I had just finished spending a couple very frustrating hours attempting to convert the Nook Colors I had bought my kids for Christmas into Android Tablets. I don't care what B&N thinks about their device, my kids are not getting them so that they can be better book readers... the entire point of the platform, from their perspective, is access to games, games, games. By blocking out the Android market from the Nook, B&N are shooting themselves in the foot, because instead of my kids having exposure to the brand (and even occasionally buying a kid's e-book), they will simply have no clue that this is a Barnes and Noble device, because their Nooks will be running Cyanogenmod.

Another example of idiotic policy: if you install Android on your Nook, it will void your warranty. I actually ordered the extended warranty at $49 per device originally, then found out about this, and cancelled that part of the order. Result? B&N losing out on the extra $100. What relationship the software I am running on the device has to do with hardware breakages (which is really what the extended warranty is for), I don't know, but there you have it.

Idiot corporate executives and their moronic decisions aside, there are smart geeks out there with excellent drives to undo said stupidities in everyday life, and of course, the Nook Colors have long been "broken", or "hacked", or "rooted", all meaning the same thing: taken out of their B&N box and made into full-fledged Android tablets.

The best known of these is Cyanogenmod, which is pretty nifty, well-tested, and stable. That's what I chose. And that's when I ran into trouble, because of one of life's great truisms:

Geeks write shitty instructions.

You can click here for the nicely detailed explanation of how to install this on your Book. I will, in fact, not repeat most of it here. Instead, my goal is solve the one problem that I, and many many others, run into when trying to do this, and which breaks the entire process right at the start:

The Nook will not boot onto the SD card.

And let me tell you, it's a stumper. Go ahead, follow the instructions, and see what happens. In fact, I urge you to find and follow instructions on many others sites, all revolving around a very similar process. You will find that nobody seems to think that an issue might arise with creating the SD card in the first place. It's a given. An assumption. Something too stupid to discuss.

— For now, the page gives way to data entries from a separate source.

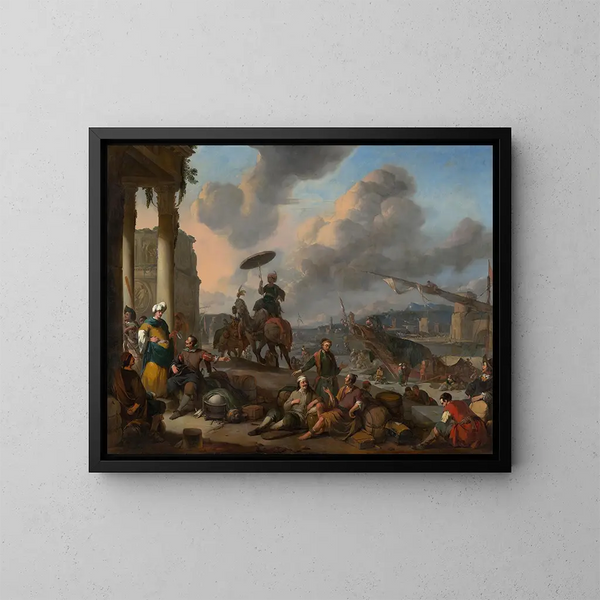 Port sur la Méditerranée - Johannes Lingelbach — indrammet kunstværk på væggen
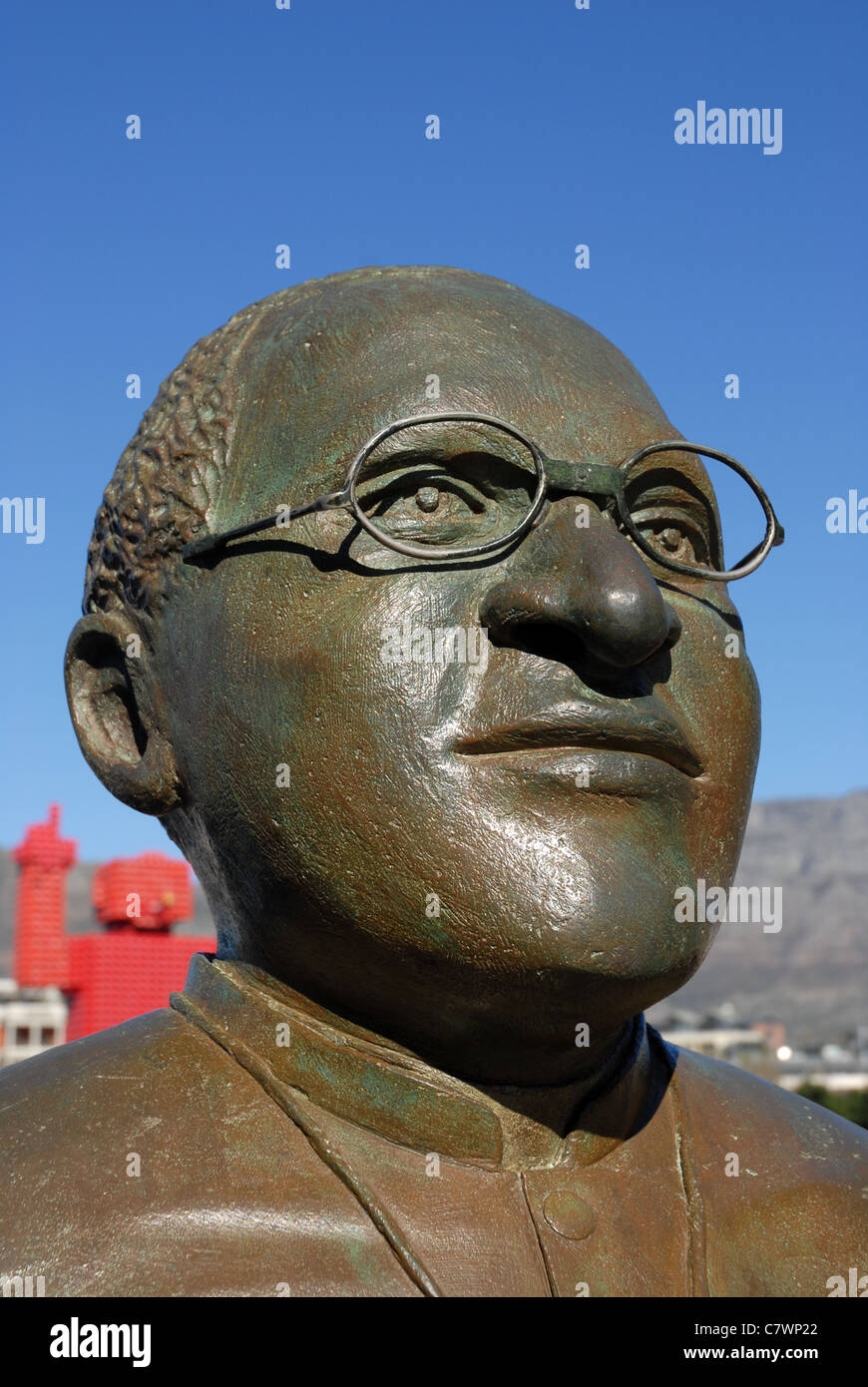 bust of Desmond Tutu, Nobel Peace Prize winner, Nobel Square, V & A Waterfront, Cape Town, Western Cape, South Africa Stock Photo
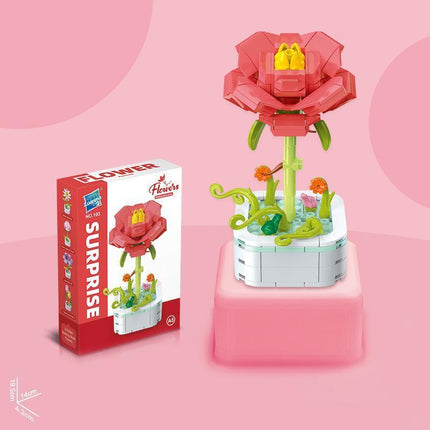 Block Bouquet Plant Building Block Plant Potted Bricks Bouquet 3D Model Toy - Aimall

Well, like previous posts in this sort-of series, as a public service to dumb users anywhere, me chief amongst then, here is the missing piece from all those instructions.

So you bought your card, downloaded Clockworkmod, burned it to the SD card, stuck it in the Nook... and it boots normally. Annoying, isn't it? so you try it again, then look for other posts around this issue, blame the hardware, run to the store to get a different reader or SD card or both, and swear the whole way.

But see, just like other things that are too stupid to discuss, this one is, too. The problem is so simple, that most geeks don't even see it as a problem. Here it is:

To create a properly booting SD card, you need to write the image to the master boot record, rather than the (data) partition (more or less, anyway).

So what does this mean, in practice?

When you get your SD card, I strongly recommend that after you stick it in the slot, you run the following command: palimpsest.

This will bring up a cute little GUI, with your drive in there somewhere.

Click on the drive on the left side, and you will see something interesting: it will have not one, but TWO records on the right. The top one is the "device" record, the bottom the "partition" record.

Now format the device, not the partition. It won't give you a typical file system choice, but rather ask if you want to format the master boot record. Nod stupidly. Say yes. Then remember that the computer needs you to click on something to confirm.

Go out of Palimpsest, and only then, run the "dd" command as listed in the original instructions. But you have to use the DEVICE as the target, not the partition.

What this means is that you need "/dev/sdd" instead of "/dev/sdd1" (in the case where /dev/sdd is the SD-card). Where can you find this info? again in palimpsest. Just make sure you use the device name at the top record on the right (for the device) and not the bottom (for the partition).

That's it. Your SD card is now truly ready to go. Continue the normal part (copying the files and booting the Nook with the SD card) and it will be a breeze from there. Good luck.